The tragic story behind these untimely deaths is to be found in the history of epidemics. In the fall of 1873 typhoid fever made its appearance in New York City. From there, the disease spread throughout the city and became an epidemic.

It then began its perilous journey throughout North America. Death notices which appeared in the newspapers rarely gave the cause of death. In the obituaries, the cause of death was given on some occasions but families and the press were reluctant to report typhoid as the cause of death largely because of the implications of having a family member die of a communicable disease.


The death certificates signed by the coroners, however, could not hide the extent of the epidemic. Dr. Ware in Prince Albert, Dr. Richard Jones in Port Perry and Dr. Montgomery in Blackstock were kept extremely busy fulfilling their duties.

The Typhoid epidemic of 1873 did not appear in Reach and Cartwright until 1874, reaching its height in 1875. In the months of January and February 1875, those who succumbed were among the adult population.

The Ontario Observer, the newspaper which served Reach and Cartwright townships at the time was a weekly paper. Normally there would be three or four death notices scattered throughout a month's issues of the newspaper.
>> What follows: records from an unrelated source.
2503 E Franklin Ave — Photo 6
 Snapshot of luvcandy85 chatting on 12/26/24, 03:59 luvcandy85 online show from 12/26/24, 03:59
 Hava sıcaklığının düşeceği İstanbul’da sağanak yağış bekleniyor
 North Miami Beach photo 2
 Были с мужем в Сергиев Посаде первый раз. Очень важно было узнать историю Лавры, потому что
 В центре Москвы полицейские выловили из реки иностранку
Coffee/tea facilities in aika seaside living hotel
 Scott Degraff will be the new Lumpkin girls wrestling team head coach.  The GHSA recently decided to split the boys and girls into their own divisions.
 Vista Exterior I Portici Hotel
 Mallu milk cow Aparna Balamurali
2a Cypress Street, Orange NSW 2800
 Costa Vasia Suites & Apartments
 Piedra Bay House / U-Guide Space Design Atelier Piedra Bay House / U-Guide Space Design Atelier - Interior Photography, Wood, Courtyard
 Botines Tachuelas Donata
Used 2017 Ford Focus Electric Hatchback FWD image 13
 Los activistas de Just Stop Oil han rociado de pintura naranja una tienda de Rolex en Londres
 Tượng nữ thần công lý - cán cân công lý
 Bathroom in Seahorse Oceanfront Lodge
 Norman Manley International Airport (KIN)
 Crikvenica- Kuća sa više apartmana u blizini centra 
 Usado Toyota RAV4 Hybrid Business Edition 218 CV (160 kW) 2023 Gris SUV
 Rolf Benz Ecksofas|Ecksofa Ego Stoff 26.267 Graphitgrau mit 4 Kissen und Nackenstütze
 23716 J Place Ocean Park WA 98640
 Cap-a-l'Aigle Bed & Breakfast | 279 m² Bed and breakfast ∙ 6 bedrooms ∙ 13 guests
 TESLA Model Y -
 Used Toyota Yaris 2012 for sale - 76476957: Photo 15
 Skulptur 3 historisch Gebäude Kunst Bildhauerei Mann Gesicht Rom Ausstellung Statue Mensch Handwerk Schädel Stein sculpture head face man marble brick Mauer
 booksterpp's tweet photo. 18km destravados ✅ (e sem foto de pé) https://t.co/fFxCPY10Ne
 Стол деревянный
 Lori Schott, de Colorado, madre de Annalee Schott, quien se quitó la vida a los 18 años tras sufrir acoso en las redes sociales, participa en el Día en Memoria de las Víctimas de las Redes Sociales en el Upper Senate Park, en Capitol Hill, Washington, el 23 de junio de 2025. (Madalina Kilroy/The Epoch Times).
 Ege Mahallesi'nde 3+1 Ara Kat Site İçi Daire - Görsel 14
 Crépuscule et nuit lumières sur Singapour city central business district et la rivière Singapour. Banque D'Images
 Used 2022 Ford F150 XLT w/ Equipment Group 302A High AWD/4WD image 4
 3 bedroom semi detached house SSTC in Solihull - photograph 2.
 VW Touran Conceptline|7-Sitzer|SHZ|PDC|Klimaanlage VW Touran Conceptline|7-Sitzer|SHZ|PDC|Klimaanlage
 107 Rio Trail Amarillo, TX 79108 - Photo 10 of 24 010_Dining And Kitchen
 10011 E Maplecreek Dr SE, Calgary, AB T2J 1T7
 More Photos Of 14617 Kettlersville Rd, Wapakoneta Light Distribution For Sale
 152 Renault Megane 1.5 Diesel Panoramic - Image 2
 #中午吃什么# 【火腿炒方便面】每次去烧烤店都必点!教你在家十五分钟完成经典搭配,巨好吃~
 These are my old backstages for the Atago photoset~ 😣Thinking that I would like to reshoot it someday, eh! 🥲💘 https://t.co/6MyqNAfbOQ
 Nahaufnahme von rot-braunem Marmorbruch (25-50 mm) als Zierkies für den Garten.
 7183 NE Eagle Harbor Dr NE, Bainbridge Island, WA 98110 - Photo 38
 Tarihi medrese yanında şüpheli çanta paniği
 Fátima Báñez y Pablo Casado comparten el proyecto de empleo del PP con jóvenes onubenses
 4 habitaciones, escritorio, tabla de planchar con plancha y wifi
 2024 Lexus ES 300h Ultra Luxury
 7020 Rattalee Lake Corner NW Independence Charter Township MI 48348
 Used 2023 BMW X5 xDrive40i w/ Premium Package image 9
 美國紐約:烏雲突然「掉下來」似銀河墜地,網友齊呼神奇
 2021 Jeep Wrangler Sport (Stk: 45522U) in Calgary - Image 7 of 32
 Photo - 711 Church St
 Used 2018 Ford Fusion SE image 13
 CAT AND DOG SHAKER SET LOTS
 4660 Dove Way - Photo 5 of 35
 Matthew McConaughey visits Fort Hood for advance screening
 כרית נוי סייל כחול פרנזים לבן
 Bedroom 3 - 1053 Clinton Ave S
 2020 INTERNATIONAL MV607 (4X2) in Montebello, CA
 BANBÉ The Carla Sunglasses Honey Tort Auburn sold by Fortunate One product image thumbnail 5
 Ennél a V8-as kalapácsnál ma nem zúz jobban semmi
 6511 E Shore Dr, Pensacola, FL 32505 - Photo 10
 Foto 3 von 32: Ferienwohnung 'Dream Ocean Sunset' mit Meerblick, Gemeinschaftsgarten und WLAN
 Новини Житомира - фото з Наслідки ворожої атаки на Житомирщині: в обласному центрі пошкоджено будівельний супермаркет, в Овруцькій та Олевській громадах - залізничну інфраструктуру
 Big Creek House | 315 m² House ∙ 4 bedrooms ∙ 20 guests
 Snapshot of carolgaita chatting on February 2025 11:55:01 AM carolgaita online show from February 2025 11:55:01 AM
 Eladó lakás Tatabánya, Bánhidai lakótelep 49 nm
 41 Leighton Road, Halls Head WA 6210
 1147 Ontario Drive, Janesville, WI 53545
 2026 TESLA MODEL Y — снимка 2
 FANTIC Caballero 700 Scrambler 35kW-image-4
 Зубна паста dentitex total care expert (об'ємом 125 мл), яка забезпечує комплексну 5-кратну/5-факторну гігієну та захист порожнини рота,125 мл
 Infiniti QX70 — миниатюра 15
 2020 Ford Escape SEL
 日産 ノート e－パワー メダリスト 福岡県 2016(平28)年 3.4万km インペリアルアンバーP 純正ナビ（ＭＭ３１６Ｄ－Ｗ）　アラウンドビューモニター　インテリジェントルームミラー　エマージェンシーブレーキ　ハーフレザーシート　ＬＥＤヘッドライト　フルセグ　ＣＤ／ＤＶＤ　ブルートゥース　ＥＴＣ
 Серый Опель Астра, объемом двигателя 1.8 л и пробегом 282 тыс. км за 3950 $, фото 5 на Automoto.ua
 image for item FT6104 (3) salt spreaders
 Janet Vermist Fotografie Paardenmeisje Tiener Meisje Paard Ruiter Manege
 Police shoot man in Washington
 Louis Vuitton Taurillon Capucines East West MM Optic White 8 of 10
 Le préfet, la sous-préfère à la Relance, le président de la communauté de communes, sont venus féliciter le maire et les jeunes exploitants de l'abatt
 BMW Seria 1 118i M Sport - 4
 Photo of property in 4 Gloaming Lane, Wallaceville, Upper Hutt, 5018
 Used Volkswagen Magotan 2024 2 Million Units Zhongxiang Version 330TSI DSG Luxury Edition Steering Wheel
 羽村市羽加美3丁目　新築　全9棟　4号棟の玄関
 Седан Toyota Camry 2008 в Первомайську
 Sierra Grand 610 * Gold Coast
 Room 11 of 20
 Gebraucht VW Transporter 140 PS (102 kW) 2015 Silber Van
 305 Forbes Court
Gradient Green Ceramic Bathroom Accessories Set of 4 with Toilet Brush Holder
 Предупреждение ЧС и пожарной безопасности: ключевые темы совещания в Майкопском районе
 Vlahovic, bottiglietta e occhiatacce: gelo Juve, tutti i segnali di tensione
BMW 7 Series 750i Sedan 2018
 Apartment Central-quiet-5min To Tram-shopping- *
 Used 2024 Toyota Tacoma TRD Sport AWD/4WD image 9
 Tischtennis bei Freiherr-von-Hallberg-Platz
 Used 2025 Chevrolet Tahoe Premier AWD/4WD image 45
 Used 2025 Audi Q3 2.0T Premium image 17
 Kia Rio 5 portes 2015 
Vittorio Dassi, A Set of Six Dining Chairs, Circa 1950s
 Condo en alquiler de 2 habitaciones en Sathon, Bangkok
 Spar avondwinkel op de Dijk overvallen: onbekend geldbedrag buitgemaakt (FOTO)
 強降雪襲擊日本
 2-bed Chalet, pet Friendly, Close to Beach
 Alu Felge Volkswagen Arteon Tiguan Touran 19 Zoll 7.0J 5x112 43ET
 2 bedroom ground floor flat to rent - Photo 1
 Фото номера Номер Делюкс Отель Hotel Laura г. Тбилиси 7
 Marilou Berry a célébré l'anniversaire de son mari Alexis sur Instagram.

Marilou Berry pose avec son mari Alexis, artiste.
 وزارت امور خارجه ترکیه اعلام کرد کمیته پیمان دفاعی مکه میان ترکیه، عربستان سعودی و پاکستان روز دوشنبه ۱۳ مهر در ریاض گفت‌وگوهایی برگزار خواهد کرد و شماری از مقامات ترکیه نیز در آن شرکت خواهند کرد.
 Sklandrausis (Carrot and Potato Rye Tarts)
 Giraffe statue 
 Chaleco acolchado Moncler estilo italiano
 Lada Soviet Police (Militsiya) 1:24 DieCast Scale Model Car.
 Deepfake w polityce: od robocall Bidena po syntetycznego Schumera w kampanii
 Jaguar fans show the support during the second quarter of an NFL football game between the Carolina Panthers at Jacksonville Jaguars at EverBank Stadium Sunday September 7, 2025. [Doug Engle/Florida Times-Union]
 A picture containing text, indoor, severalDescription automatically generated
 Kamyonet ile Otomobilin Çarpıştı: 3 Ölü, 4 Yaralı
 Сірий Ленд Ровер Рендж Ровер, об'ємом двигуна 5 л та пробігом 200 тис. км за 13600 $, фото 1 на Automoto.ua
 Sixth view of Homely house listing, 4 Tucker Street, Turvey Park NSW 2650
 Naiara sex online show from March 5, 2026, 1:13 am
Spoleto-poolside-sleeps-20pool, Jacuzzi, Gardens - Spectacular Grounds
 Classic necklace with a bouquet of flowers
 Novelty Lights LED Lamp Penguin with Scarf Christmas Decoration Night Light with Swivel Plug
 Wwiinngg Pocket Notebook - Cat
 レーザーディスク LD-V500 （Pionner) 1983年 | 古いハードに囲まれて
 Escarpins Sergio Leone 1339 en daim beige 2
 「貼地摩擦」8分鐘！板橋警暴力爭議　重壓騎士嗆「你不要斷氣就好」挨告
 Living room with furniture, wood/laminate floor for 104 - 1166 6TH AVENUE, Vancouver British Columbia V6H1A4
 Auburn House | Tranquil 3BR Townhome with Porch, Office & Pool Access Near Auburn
During 1874, 75 and 76, it was not unusual to see that many in a week!

It should also be noted that during the epidemic, many families never bothered to announce the deaths of their relatives, particularly of their children.

One of the worst and most destructive epidemics ever to face humanity was the influenza epidemic of 1918. Its devastation has been placed in the same category as the Black Death. It has been estimated that more than twenty million people perished as a result of this disease.

The Typhoid Toll: Locally

* Charles Paxton, 47 yrs., died on Jan. 7, 1875
* Mary Wilds, 20 yrs., died the following week
* Elizabeth Wilson, 40 yrs., died Jan. 1875 That year, the first child to be reported as dying of the disease that year was Rebecca Gibson of Seagrave, age three months, 17 days. Her death was followed by many more, including the following:
* Elizabeth Walsh, 2 yrs., of Reach Twp., Feb. 1875.
* John Lewis Webster of Brock, 1 yr. 10 months,, Feb., 1875.
* Infant son of Edward Bryans, 1 month, died March 4, 1875
* Jennette Byers, 3 yrs., of Greenbank, March 1875
* James Bentley, 32 yrs., of Utica, March 1875
* Cyrus Lebar, 1 yr., died at Port Perry, March 1875
* Herman Diesfeld, 1 1/2 yrs., of Port Perry, March 1875
* Susan Mary Carscadden, 5 months, died Mar. 28 at Blackstock
* Reverend Robert Reynolds died May 23, March 1875
* Mary Dickie, 2 yrs., died on May 26, 1875.
* John Dickie, the father of the child died the following February.
* Gerrow twins (unnamed) One died at 10 days, on May 12, 1875. The second twin boy died one week later.
* William Morris, 2 months, Port Perry, died in May 1875.
* Francis Cook, 2 yrs., 9 months, died May 1875
* Mary Gilland of Brock, 22 yrs., 3 months, May 1875 There were numerous more deaths in the months to follow, but this gives and idea of the impact the Typoid Fever caused in the Port Perry and Lake Scugog area.